YOUR TASK:
Each line from the start of the records through the line containing "Line Splicing Buckle" is to be transcribed exactly, and no other line is to be included.

(DATA TO PROCESS begins)

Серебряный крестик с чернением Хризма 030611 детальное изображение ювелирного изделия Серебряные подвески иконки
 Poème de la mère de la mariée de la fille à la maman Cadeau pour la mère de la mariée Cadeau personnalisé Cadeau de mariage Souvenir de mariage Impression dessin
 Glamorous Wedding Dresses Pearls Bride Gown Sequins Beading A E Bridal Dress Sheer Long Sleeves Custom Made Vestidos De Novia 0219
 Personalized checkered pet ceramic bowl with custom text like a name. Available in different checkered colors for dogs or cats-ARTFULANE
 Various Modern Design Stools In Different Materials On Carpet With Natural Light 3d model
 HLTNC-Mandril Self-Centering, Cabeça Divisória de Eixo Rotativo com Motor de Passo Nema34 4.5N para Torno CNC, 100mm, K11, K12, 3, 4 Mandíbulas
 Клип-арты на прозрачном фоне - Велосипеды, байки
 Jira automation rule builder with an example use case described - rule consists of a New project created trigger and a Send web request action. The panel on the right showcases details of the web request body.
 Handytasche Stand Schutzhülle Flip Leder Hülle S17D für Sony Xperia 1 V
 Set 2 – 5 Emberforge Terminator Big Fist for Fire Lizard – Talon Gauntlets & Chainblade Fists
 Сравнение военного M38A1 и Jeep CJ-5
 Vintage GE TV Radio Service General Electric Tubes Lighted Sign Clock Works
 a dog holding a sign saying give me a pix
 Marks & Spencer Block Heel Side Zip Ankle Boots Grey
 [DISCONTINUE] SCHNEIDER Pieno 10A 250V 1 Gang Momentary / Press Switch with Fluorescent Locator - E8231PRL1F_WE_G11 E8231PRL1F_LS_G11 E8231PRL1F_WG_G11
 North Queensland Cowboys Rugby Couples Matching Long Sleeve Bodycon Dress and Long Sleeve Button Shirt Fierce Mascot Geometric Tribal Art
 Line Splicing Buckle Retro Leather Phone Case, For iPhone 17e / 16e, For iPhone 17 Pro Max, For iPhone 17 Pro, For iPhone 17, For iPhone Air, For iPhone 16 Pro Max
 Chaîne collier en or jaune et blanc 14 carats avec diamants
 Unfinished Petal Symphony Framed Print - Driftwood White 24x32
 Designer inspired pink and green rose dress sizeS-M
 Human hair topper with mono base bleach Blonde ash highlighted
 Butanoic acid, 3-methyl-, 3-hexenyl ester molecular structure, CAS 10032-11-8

(DATA TO PROCESS ends)

TASK RESULT:
Серебряный крестик с чернением Хризма 030611 детальное изображение ювелирного изделия Серебряные подвески иконки
 Poème de la mère de la mariée de la fille à la maman Cadeau pour la mère de la mariée Cadeau personnalisé Cadeau de mariage Souvenir de mariage Impression dessin
 Glamorous Wedding Dresses Pearls Bride Gown Sequins Beading A E Bridal Dress Sheer Long Sleeves Custom Made Vestidos De Novia 0219
 Personalized checkered pet ceramic bowl with custom text like a name. Available in different checkered colors for dogs or cats-ARTFULANE
 Various Modern Design Stools In Different Materials On Carpet With Natural Light 3d model
 HLTNC-Mandril Self-Centering, Cabeça Divisória de Eixo Rotativo com Motor de Passo Nema34 4.5N para Torno CNC, 100mm, K11, K12, 3, 4 Mandíbulas
 Клип-арты на прозрачном фоне - Велосипеды, байки
 Jira automation rule builder with an example use case described - rule consists of a New project created trigger and a Send web request action. The panel on the right showcases details of the web request body.
 Handytasche Stand Schutzhülle Flip Leder Hülle S17D für Sony Xperia 1 V
 Set 2 – 5 Emberforge Terminator Big Fist for Fire Lizard – Talon Gauntlets & Chainblade Fists
 Сравнение военного M38A1 и Jeep CJ-5
 Vintage GE TV Radio Service General Electric Tubes Lighted Sign Clock Works
 a dog holding a sign saying give me a pix
 Marks & Spencer Block Heel Side Zip Ankle Boots Grey
 [DISCONTINUE] SCHNEIDER Pieno 10A 250V 1 Gang Momentary / Press Switch with Fluorescent Locator - E8231PRL1F_WE_G11 E8231PRL1F_LS_G11 E8231PRL1F_WG_G11
 North Queensland Cowboys Rugby Couples Matching Long Sleeve Bodycon Dress and Long Sleeve Button Shirt Fierce Mascot Geometric Tribal Art
 Line Splicing Buckle Retro Leather Phone Case, For iPhone 17e / 16e, For iPhone 17 Pro Max, For iPhone 17 Pro, For iPhone 17, For iPhone Air, For iPhone 16 Pro Max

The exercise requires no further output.